When we got home in the wee hours, we went straight upstairs with the intention of bed. I took my clothes off, but, always one to tease and provoke where possible, left my collar on. It looked sexier, I knew, to be naked in just my collar. To be naked except for what he had put on me. And besides, I couldn’t take it off myself. He had put it there and if I took it off myself it just wouldn’t mean anything. If I could take it off myself, I could’ve done so at any time.

It was there because he had marked me with it and I was his to un-mark.

I got into bed and pulled the covers up coyly as I looked at Crush. He got up and went over to get the light.

“Aren’t you forgetting something?” I hinted.
“No,” he replied.
“Are you sure?”
“Yep.”
“Aren’t you going to take this off?” I said, pointing at the collar still around my neck.
“No. You’ll have to keep it on all night.”
“Really?” I said, surprised.
“If you’re a good girl I’ll take it off you in the morning,” Crush said, turning off the main light and walking back to the bed by the light of our Triceratops lamp.

My mind might have actually boggled. It was just so unexpected! I had to check he meant it and asked several times if he did. He did. I was overwhelmed. It might sound silly, but we’d never done anything like this before and, whilst he knows I like him to collar me, he had no real idea this’d be something I’d enjoy. Heck, I had no idea either. It had never occurred to me. I loved it, instantly. It was submissive. It was sexy. Fuck, it was romantic.

Just the fact that it was something he’d decided by himself, that he’d thought I would find sexy, that he’d spontaneously decided to give me to for me to enjoy, was wonderful. He gave me this. And he’d thought of it all by himself.

It sounds a little patronising, maybe, but I know I’m the kinkier of the pair of us and the more adventurous too. Crush isn’t boring by any measure, this alone shows that, but he isn’t as into kink as I am. It’s hard to explain properly, but I’m sure you’ll get what I mean. The fact that he’d thought to engage with my kinks without any hinting or nudging from me, the fact that he’d done something he thought I’d love because he thought I’d love it and nothing more (except maybe vicarious arousal and the fact I look damn hot in a collar), was just incredibly lovely. As I say, romantic. Honestly, he nearly had me in tears.
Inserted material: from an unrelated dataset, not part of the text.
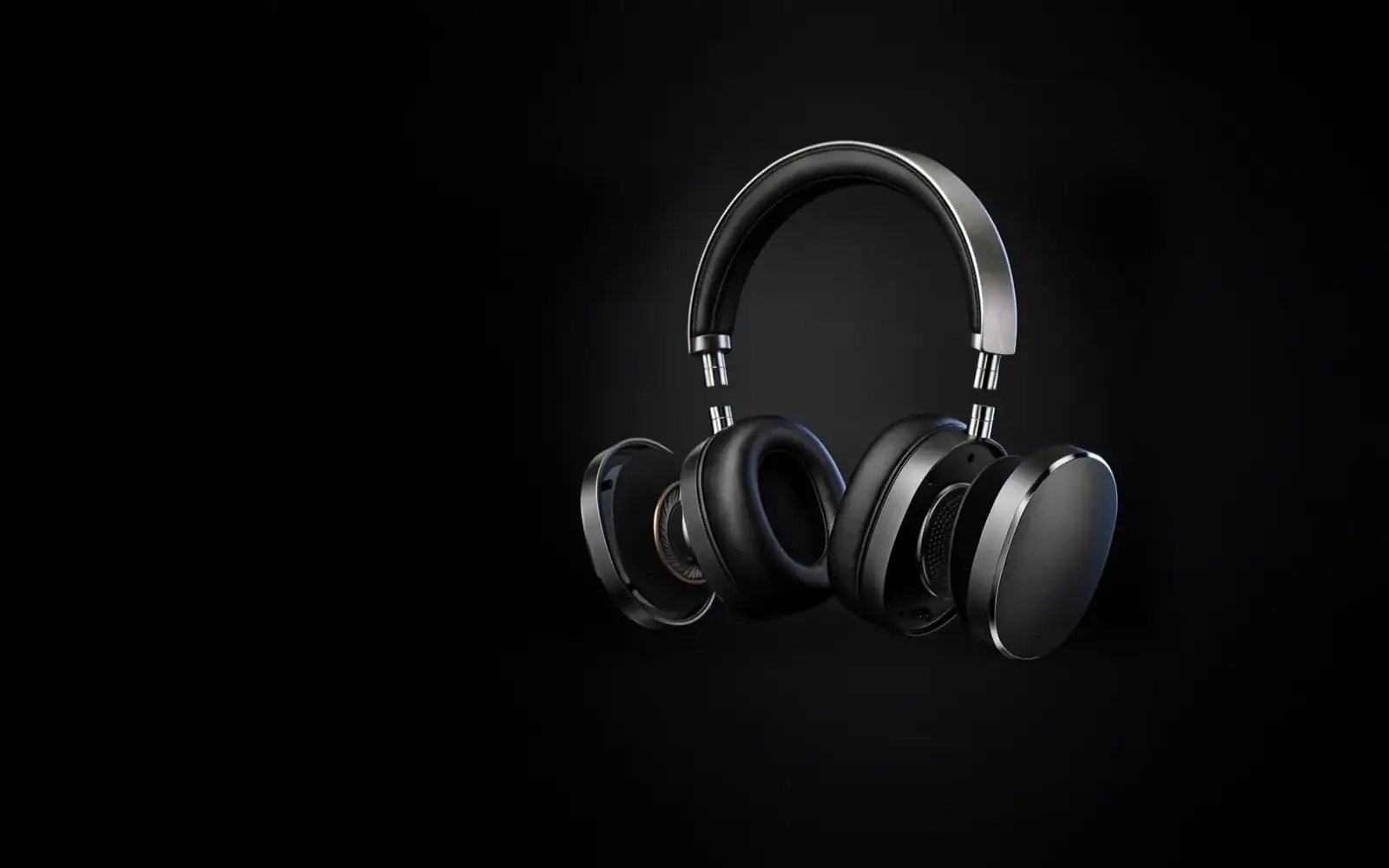 Both ear cushions pulled apart on either side of the headphones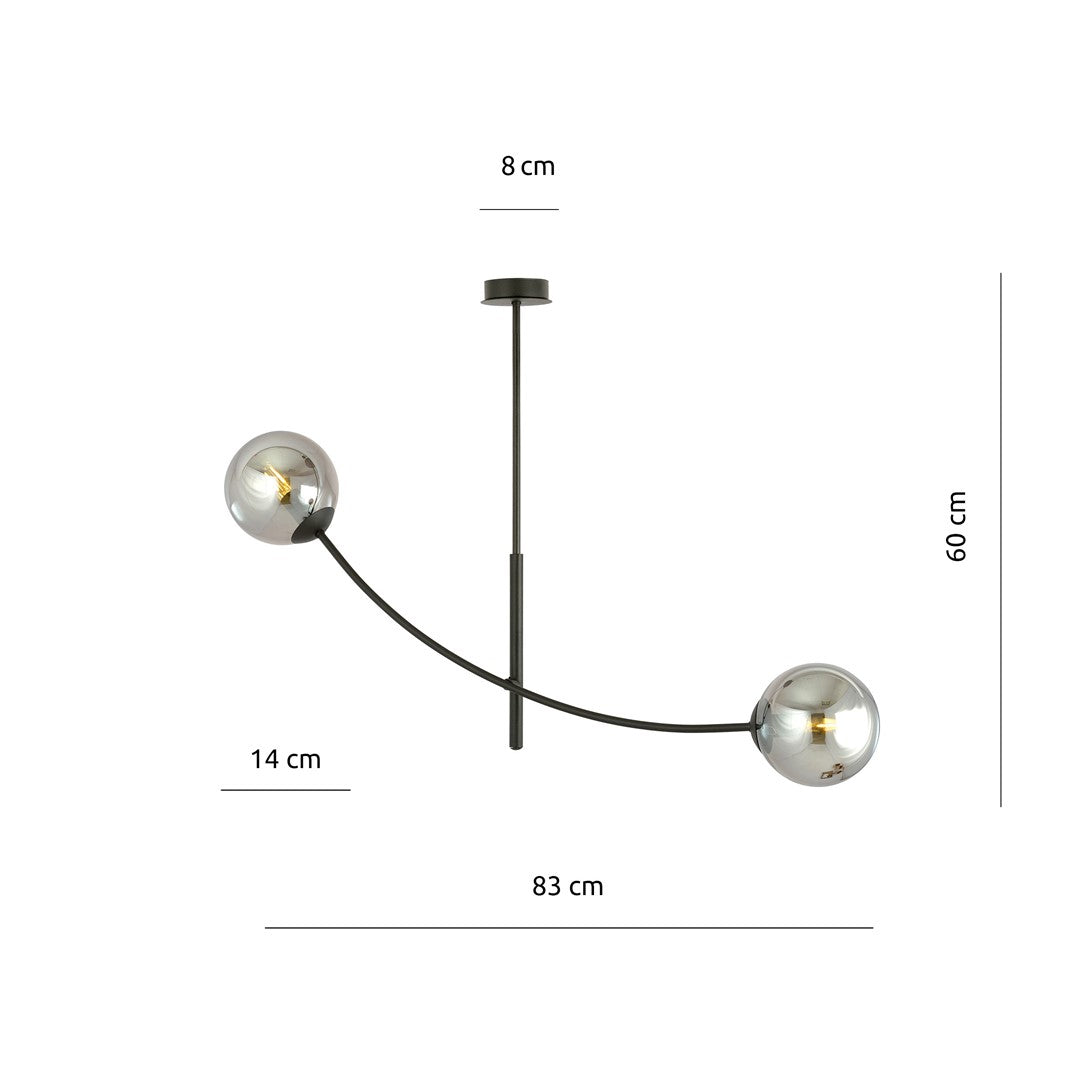 HUNTER 2 BLACK GRAFIT – Minimalistische plafondlamp voor een stijlvolle sfeer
We kissed passionately and before long Crush had worked his kisses down to my nipples. He sucked and licked and made me wriggle under his mouth before swinging his legs over my chest and straddling me.  He was high up on my chest and pressing his erection to my lips. I love this so much. I love him dangling his erection over my face and rubbing his cock and balls around my mouth, letting me lick and kiss and suck wherever I can hurriedly find opportunity. I’m a gamer, so I’m used to hearing the word “teabagging” negatively, but despite that word only really referring to the balls, it’s what I think of when he does this to me and I can’t help but see it in a positive way. It’s not a blowjob, for he doesn’t get a lot of focused lick and suck, it’s just him rubbing himself over my mouth and face and me loving every second of it.

I chase his cock like a cat after string and frantically kiss and lick at him as he rubs himself on me. Teabagging. It’s not an elegant word, but it works for me. What else should I call it?

What he called me, though, was more interesting. “You’re being a very good slave”, he said to me and, though I’d have preferred ‘slut’ in this case, I loved that too.

“What do you want?” Crush asked me, knowing I wanted to be fucked.
“You.” I said, rather too coyly given my position.
“More specifically,” He prompted, enjoying making me say it.
“I want you inside me.”

Crush moved down my body, but didn’t quite stop the teasing. Instead of my face, he now rubbed his erection over my shaved pussy lips, driving me wild with frustrated desire. He asked me, then, to beg him to be inside me. I did so, calling him Sir.

“No,” Crush said with a glint, “call me Master”.

I did, begging again for him to fuck me and he grinned. He pulled my legs up to get a better angle at my pussy and pressed his cock against my opening. Just then I remembered the amount of alcohol we’d both had and realised I’d probably need a little extra help to manage his girth inside me. I reached for my beside cabinet and grabbed the lube there, passing it to Crush who doused first his cock, then my sex with it. He pressed at my opening again and I felt myself open up to him, felt his cock split me and his hardness begin to penetrate me.

I groaned as he eased himself inside and thought about calling out for mercy as he made his first few strokes. They were eager and his size was too much for that eagerness at that moment. But I thought better of it. I was his slave, he was my Master. If it hurt a little for me, so much the better. I wouldn’t dull his pleasure with my few little aches and moans.

It wasn’t long before I adjusted to the strength and penetration of his thrusts and all they were to me was pleasure. Pleasure and love. He fucked me hard and fast and unrelentingly, pinning me down by the neck using his forearm, leaning onto my throat as he pounded me. He called me slave. He told me I was good. He pinned me by the neck and fucked my pussy as if he would bloody well show me what the new year had in store for me. And I hope it does, oh, I hope it does.

Soon we were spent and his juices were seeping out of my pussy, mingled with my own and with lube. I wore the collar still. I gasped for a proper breath after his arm and my climax had taken mine from me. When we finally went to sleep, I still wore the collar. I’d been good, but I had to be good until morning before he’d take it from me. We slept the cosy sleep of the drunk and the fucked.